第33話 頼子の暗躍
まず一週間で数学科の福島先生がいなくなった。
「掛川さん、おはようございます」
「おはよう神原さん」
「好きな人間が一週間でいなくなりました。親切にしてもらったので、寂しいです」
礼儀正しく引き際を知っていて、優しくて気の利く有能な実習生は学生の間でも好評で、どんどん周りに人が増えていった。
頼子から聞いたのだろう。休み時間に用務員室に来る実習生もちょくちょくいた。その中で頼子と交際したいという男女も程々にいた。
要は好きな物を聞いて恋愛戦線を勝ち抜こうとする下心なのだが、みんなに言えることは一言。
「もっといい人いるよ」
三顧の礼を信じて何回も訪れる実習生。ここで下手な予言をすると的中率百パーセントだとしても不幸な結果を生むかもしれない。
なぜなら、実習期間は病気でもしない限り教員も実習生も牢獄であるからだ。
子供達は気づくはずだが、教育実習生は一年に二回の学校行事だ。子供サイドは慣れているだろう。私達よりプロだ。なにかおかしなものが入っても大丈夫だ。あとは頼子が故意なのかそうではないのかを明らかにされないか見ておかないといけない。
神原頼子は害悪だ。
「緑さん、隣いい?」
さすがに忙しいのか鈴香は食堂に現れなかった。実習生も控室が用意されているはずだが、一人で食堂に来るとはどういうことだ。

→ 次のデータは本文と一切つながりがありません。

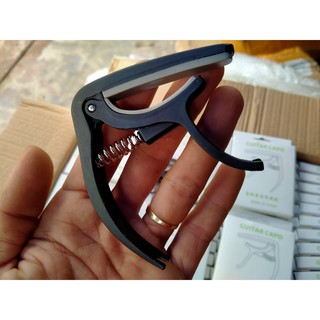 Capo guitar lò xo nhựa ukulele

「私、この数年で分かったんです。自分がどうやら厄介な人間だって」
「気づくのが遅すぎたのよ。それで控室は?」
「私、人間が大好きなんです」
「ええ、私も好きよ」
「一緒ですね」
「私の問いに答えて、控室は?」
「緑さん、私はいつだって追いたいの。でもみんな私を追うの。こんな悲しいことあるのかな」
「あなたほど暇じゃないから、私は仕事に戻るわね」
私は残っていた唐揚げを口に含んだ。
「福島先生」
私は盆を持ったまま立ち上がった。
「なんで私の前からいなくなるんだろ。私はもっと知りたいだけなのに追いたいという気持ちのどこに悪意があるのかしら」
「あなたの嫌なところは人を物体としてしか見ていないところよ」
「えー、それはひどいですよ緑さん。私はみんなを愛しています。私の気持ちに耐えられない人が多いだけです」
「私はあなたがわからない」
「えー、そんなこと言わないでくださいよ」
すがるような声色を出している頼子は、心の底からすがっているわけではない。あれは人間のふりをしているだけだ。痛みや苦しみを一切理解出来ない。そういう常人では理解できない人間だ。
「あと二週間で三人かな」
私の予感は当たった。
三日後、体育教員と女性の実習生がいなくなった。大人的には体調不良で離脱ということになっているが、食堂にやってきた頼子の飄々とした顔つきを見て、またかと思った。
「かけうどん、結構美味しいわよ。天かす乗せ放題なの」
「コレステロール高そう。成人病で死んじゃいますよ」
「どうせ幸せなんかとうに捨てたわよ」
「小清水奏と小清水楓。あ、せっかくうどん口に入れようとしたのにもったいない。でも心配しないで欲しいなー。私は最初から好きじゃない奴は仲良くしたくないの。美術の児玉先生も嫌いかな」
「どうして?」
「何が?」
頼子が手を出さないと言えば経験は無いが手を出さないだろう。その言葉は噓偽りは無い、ただ今後の為になぜ研究対象にしないのかを確かめる必要がある。